**Task material:**
=-=-=

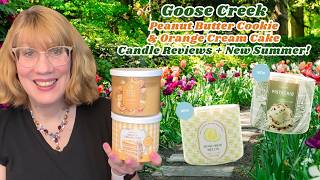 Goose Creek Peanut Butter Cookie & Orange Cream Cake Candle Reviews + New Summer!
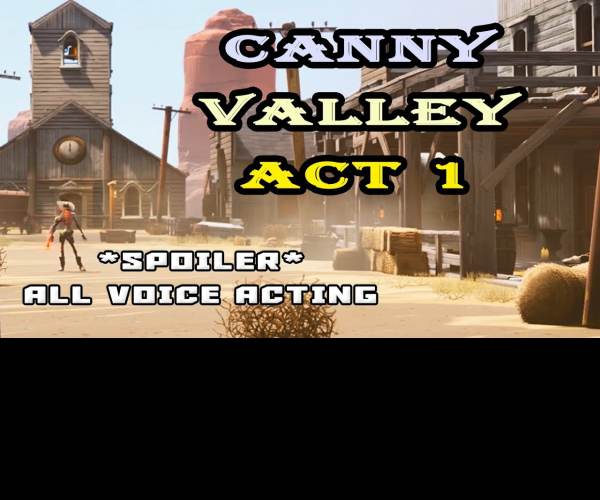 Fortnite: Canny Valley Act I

=-=-=

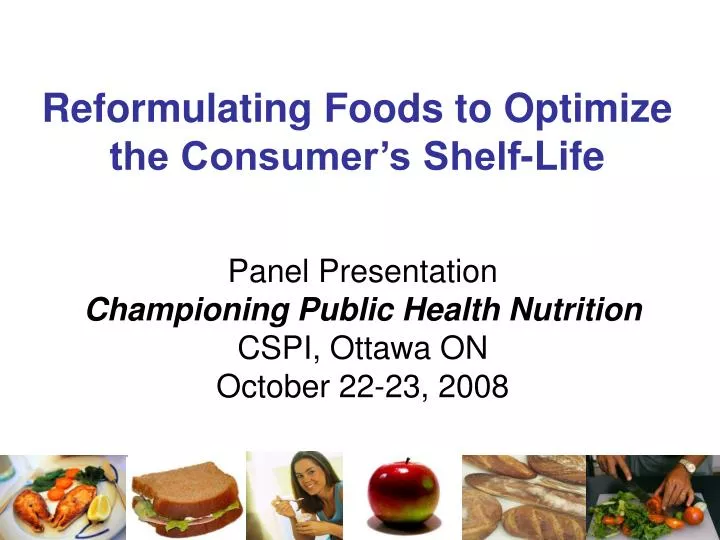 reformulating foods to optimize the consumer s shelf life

=-=-=

**Task:**
Everything above from the line with "Goose Creek Peanut" through the line with "Fortnite: Canny Valley Act I" should be retyped exactly, and nothing else; omit pictures.

**Answer box:**
 Goose Creek Peanut Butter Cookie & Orange Cream Cake Candle Reviews + New Summer!
 Fortnite: Canny Valley Act I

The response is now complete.